** Opening RECORDS FOR THIS EXERCISE block **
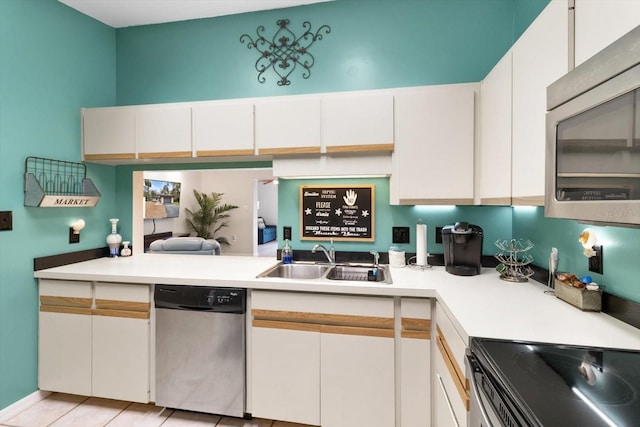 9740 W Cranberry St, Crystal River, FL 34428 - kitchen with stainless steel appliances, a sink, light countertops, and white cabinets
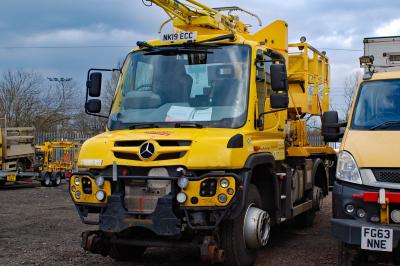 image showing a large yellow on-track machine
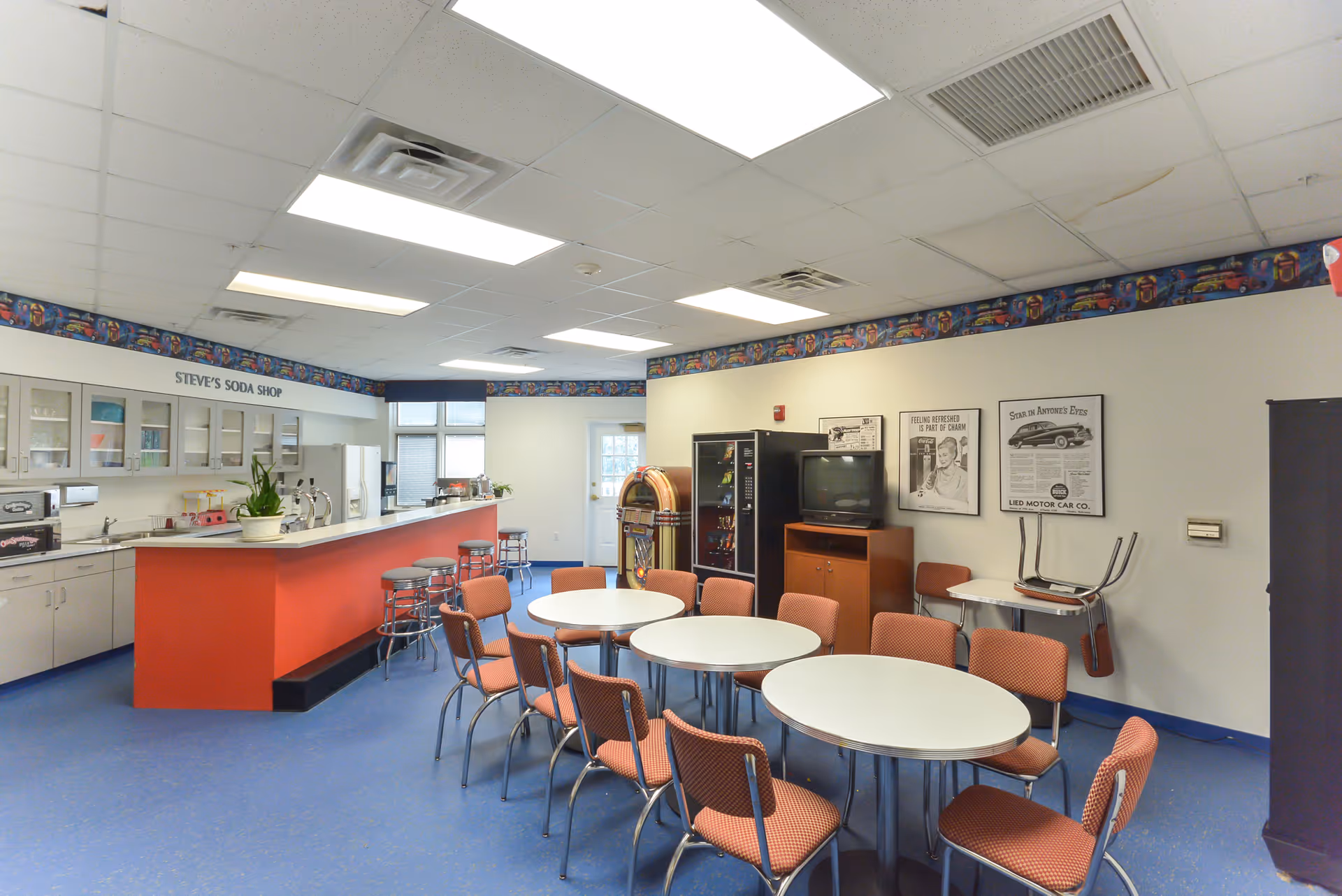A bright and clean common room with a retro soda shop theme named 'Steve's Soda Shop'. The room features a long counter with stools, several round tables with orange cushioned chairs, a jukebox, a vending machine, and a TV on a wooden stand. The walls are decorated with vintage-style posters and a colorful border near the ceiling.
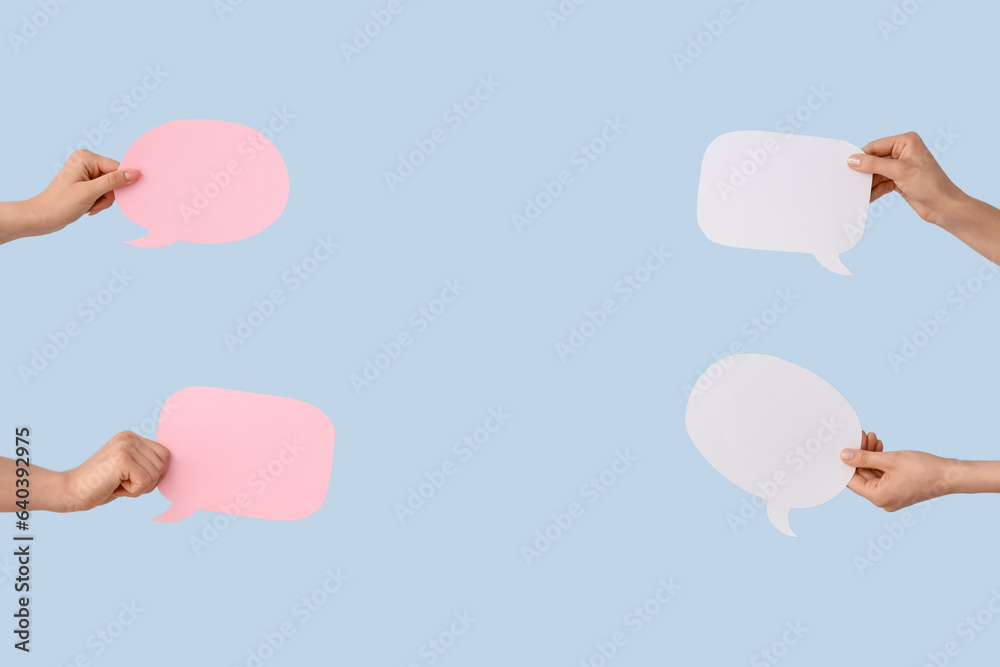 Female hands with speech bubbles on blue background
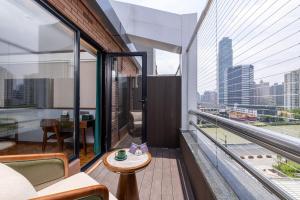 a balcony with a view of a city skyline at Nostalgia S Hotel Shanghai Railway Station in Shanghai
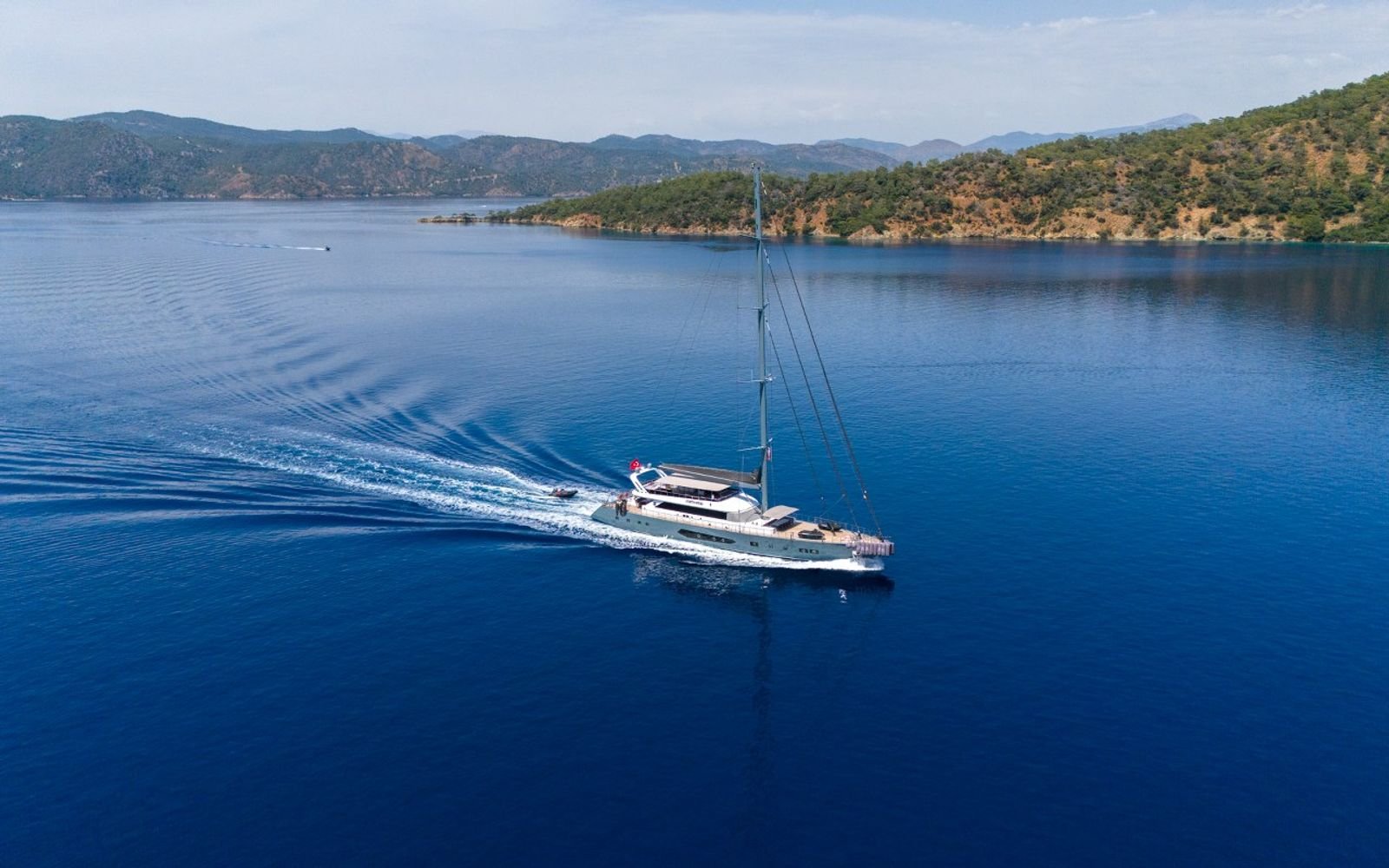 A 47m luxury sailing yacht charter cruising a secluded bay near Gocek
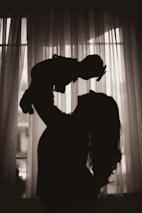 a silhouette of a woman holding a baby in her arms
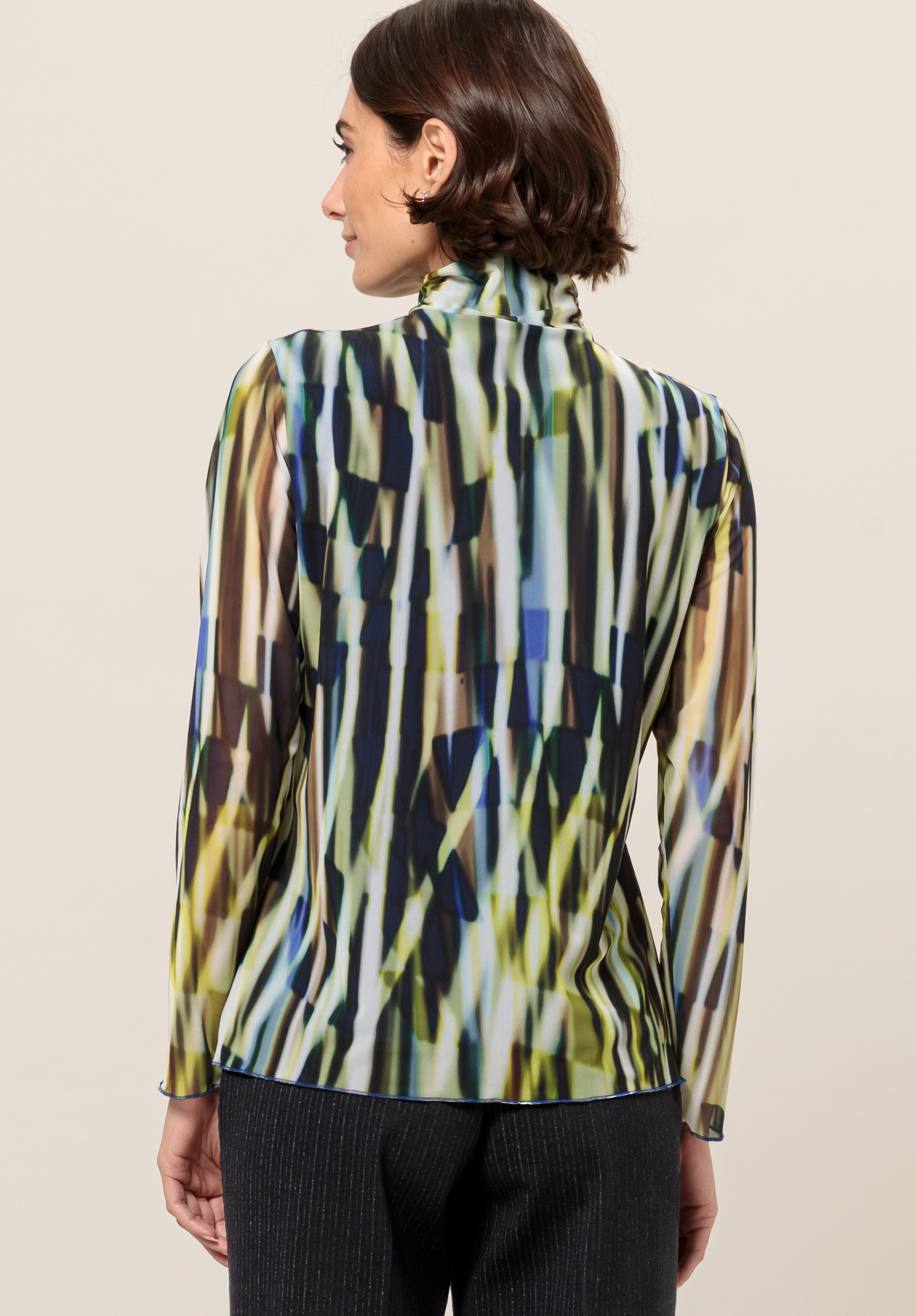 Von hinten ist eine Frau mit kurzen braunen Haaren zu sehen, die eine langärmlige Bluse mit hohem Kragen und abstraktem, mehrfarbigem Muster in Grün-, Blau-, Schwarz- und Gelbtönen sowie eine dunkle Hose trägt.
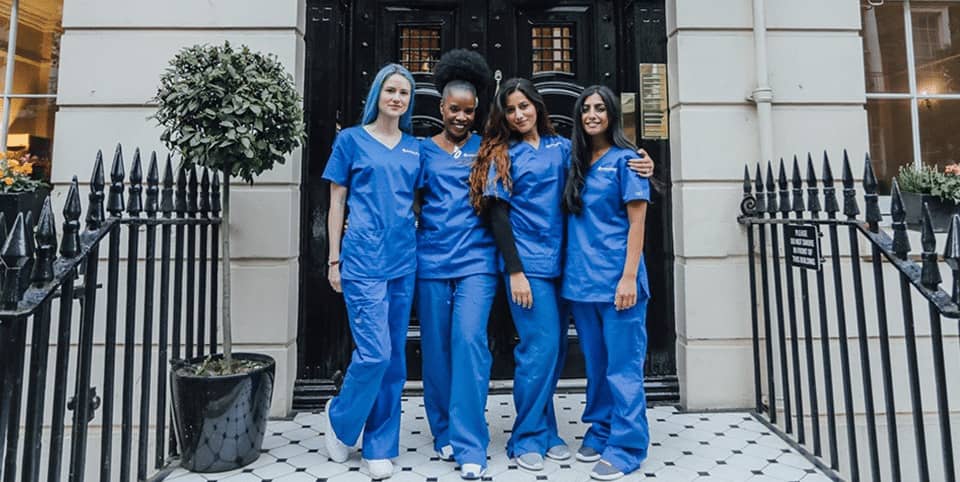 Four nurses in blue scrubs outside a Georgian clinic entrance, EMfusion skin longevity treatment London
** Closing RECORDS FOR THIS EXERCISE block **
WHAT THE TASK ASKS
Pictures stay out of the copy; please restate every record above exactly.

ANSWER SPACE
 9740 W Cranberry St, Crystal River, FL 34428 - kitchen with stainless steel appliances, a sink, light countertops, and white cabinets
 image showing a large yellow on-track machine
A bright and clean common room with a retro soda shop theme named 'Steve's Soda Shop'. The room features a long counter with stools, several round tables with orange cushioned chairs, a jukebox, a vending machine, and a TV on a wooden stand. The walls are decorated with vintage-style posters and a colorful border near the ceiling.
 Female hands with speech bubbles on blue background
 a balcony with a view of a city skyline at Nostalgia S Hotel Shanghai Railway Station in Shanghai
 A 47m luxury sailing yacht charter cruising a secluded bay near Gocek
 a silhouette of a woman holding a baby in her arms
 Von hinten ist eine Frau mit kurzen braunen Haaren zu sehen, die eine langärmlige Bluse mit hohem Kragen und abstraktem, mehrfarbigem Muster in Grün-, Blau-, Schwarz- und Gelbtönen sowie eine dunkle Hose trägt.
 Four nurses in blue scrubs outside a Georgian clinic entrance, EMfusion skin longevity treatment London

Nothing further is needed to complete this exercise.